§ **HOW TO COMPLETE THIS TASK**
In the listing that follows, find the line with "Axel Fairchaild online", then copy exactly from it through the line with "2017 Ford Cargo", leaving out every picture.

§ **RECORD EXTRACTS**
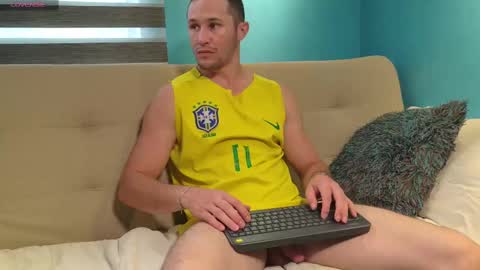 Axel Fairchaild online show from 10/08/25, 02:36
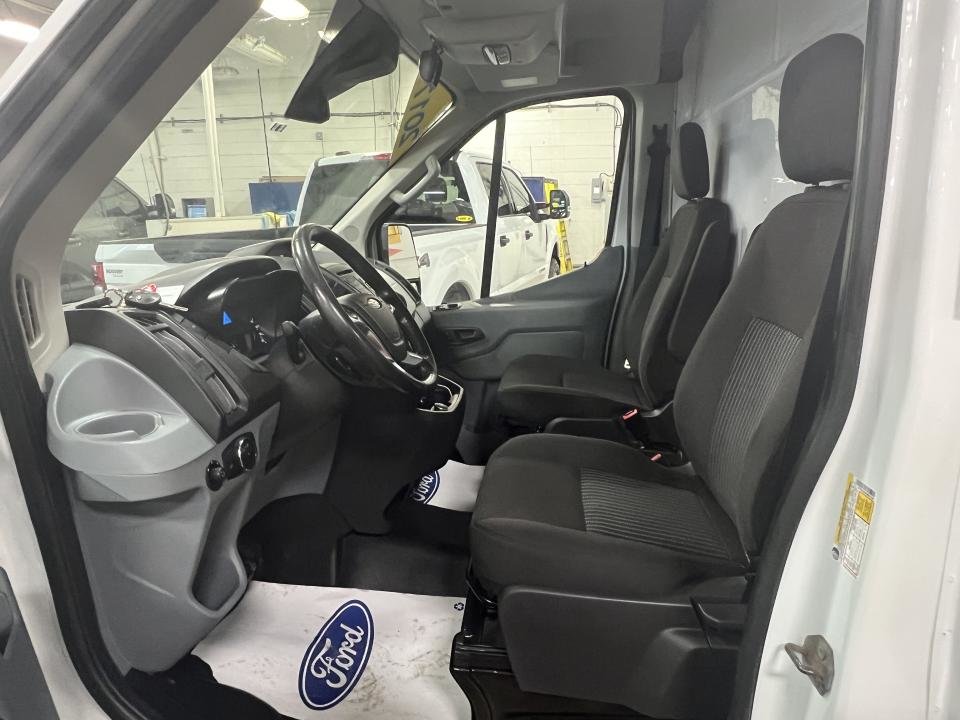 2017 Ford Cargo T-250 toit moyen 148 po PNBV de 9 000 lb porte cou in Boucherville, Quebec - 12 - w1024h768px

* * *

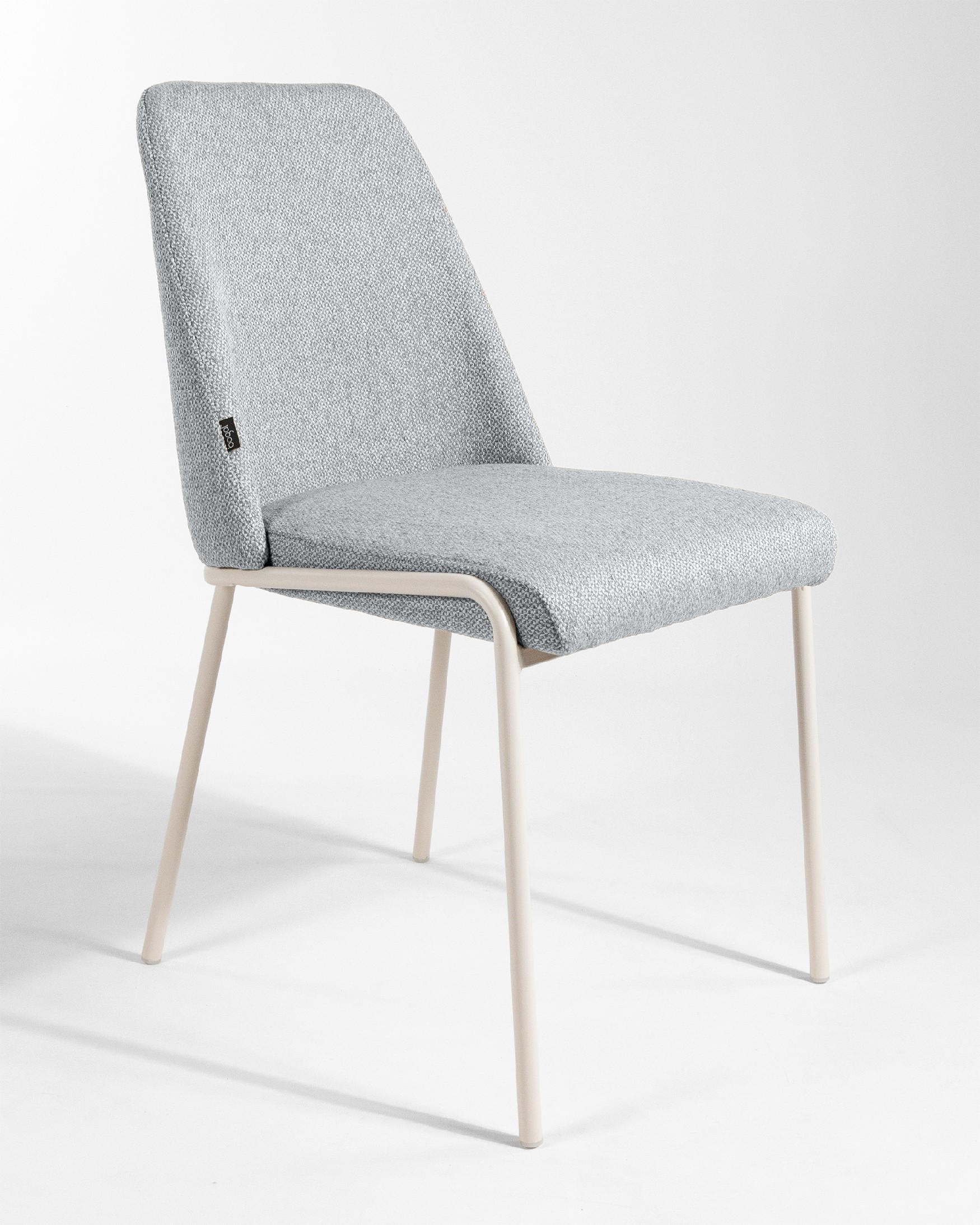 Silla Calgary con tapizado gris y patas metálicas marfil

* * *

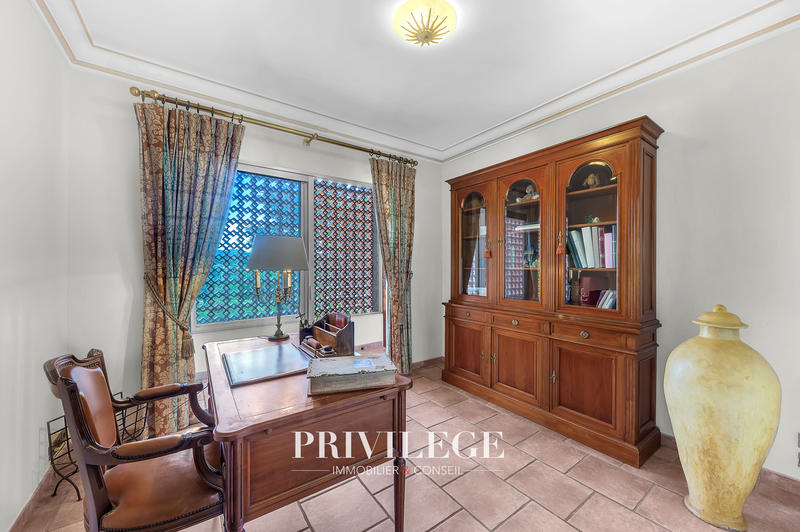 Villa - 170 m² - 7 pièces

§ **EXPECTED ANSWER**
 Axel Fairchaild online show from 10/08/25, 02:36
 2017 Ford Cargo T-250 toit moyen 148 po PNBV de 9 000 lb porte cou in Boucherville, Quebec - 12 - w1024h768px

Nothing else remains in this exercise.